No evidence has survived of where the archive was kept during the Byzantine and post-Byzan¬tine periods, down to approximately the mid 18th century. It was usual in monasteries for the docu¬ments, including the most important, to be kept in the sacristy or to share accommodation with the library in the catechumena. We must suppose that this was also the case at Vatopaidi. What is perhaps the earliest testimony as to the location of the archive is that of Vassily Barskij. The Russian traveller, on his second visit to the Holy Mountain in 1744, was able to visit the sacristy, where the greater part of the library was kept. He noticed incidentally that the Monastery’s archive was also kept there. This gives us a ter-minus post quem for the housing of the archive there of 1636/37, the date of the erection of the building.

Letter of Gregorius Archbishop of Thessaloniki (July 1432)

It seems that Barskij was not able to linger long in the sacristy.
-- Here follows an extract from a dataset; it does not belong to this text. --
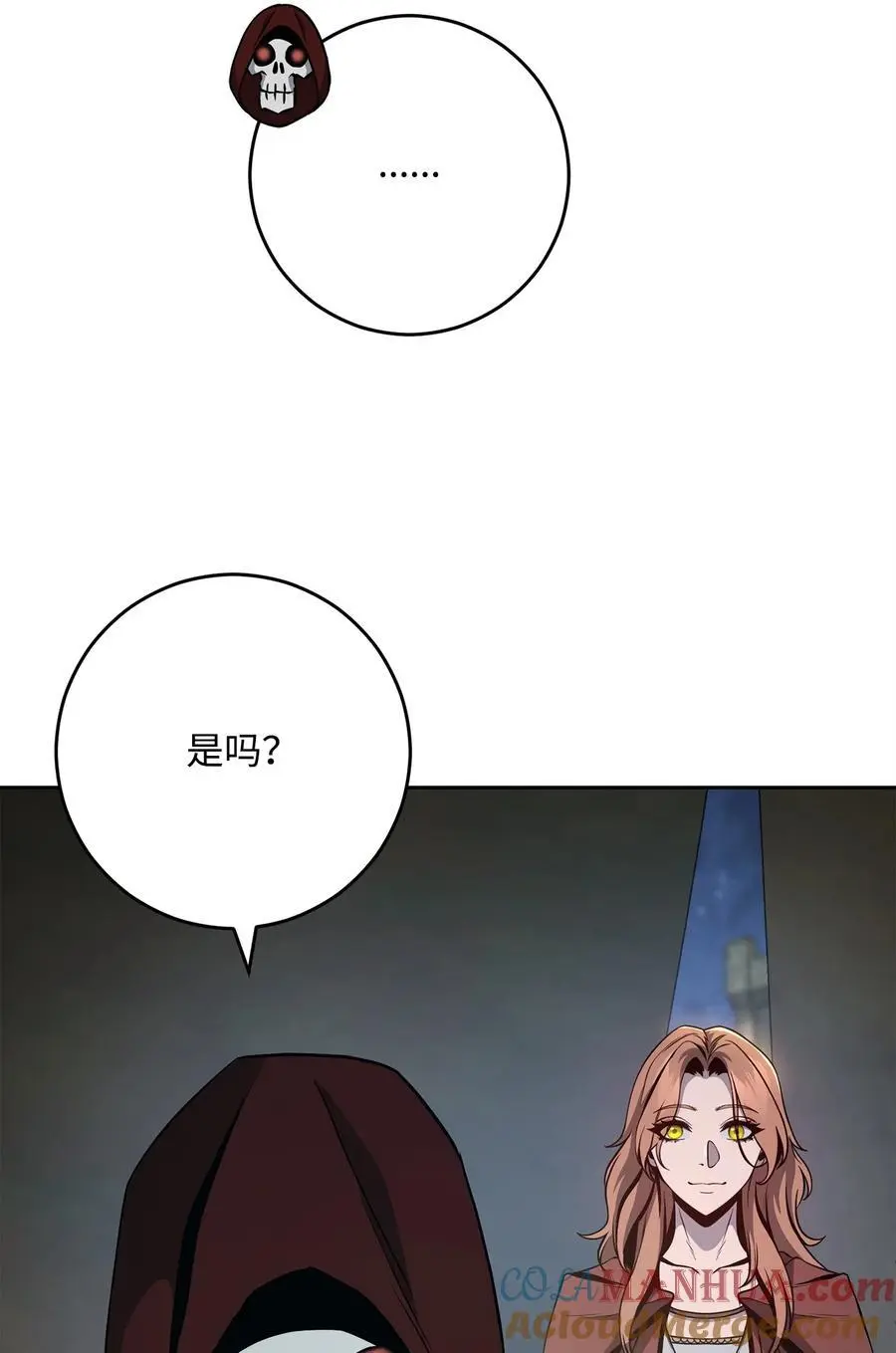 271 骑士之道 第31页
He made hurried notes on 11 documents only (six Byzantine chrysobulls, four patriarchal sigillia, and one Romanian document), but he expresses his admiration for the wealth of the archive, noting the presence of documents of every kind (court decisions, donations, title-deeds, etc.).

The archive, or at least the older part and that considered by the monks to be the most important, must have remained in the sacristy for approximately another 150 years. The Russian cleric Antonin Capustin, in 1859, gives us to understand that the documents were stored in the sacristy. Ten years later, in 1869, I.M. Raptarchis, during the course of a visit to the Monastery, notes that the chrysobulls were still there, while the books had recently been transferred to the restored tower.

The removal of the archive to its present accommodation, on the ground floor of the tower in the north-eastern corner of the Monastery, seems to have coincided with the work of classification which was undertaken in 1901.

The efforts in this direction of the monks charged with the keeping of the documents in the Vatopaidi archive began at an early date. Repeated notes of a similar nature made on the backs of the documents, giving a summary of their contents, date back to the Byzantine period and provide evidence of repeated sorting and arrangement of the archive. There is, however, no evidence of overall systematic recording of the material in the archive before the mid 19th century, or none that has survived. The existence of numbers on the back of the oldest and most important documents and the noting of loose leaves with transcriptions of documents which must date from the last decades of the 19th century lead to the hypothesis that some more systematic efforts must have been made at that period, though they do not seem to have been completed.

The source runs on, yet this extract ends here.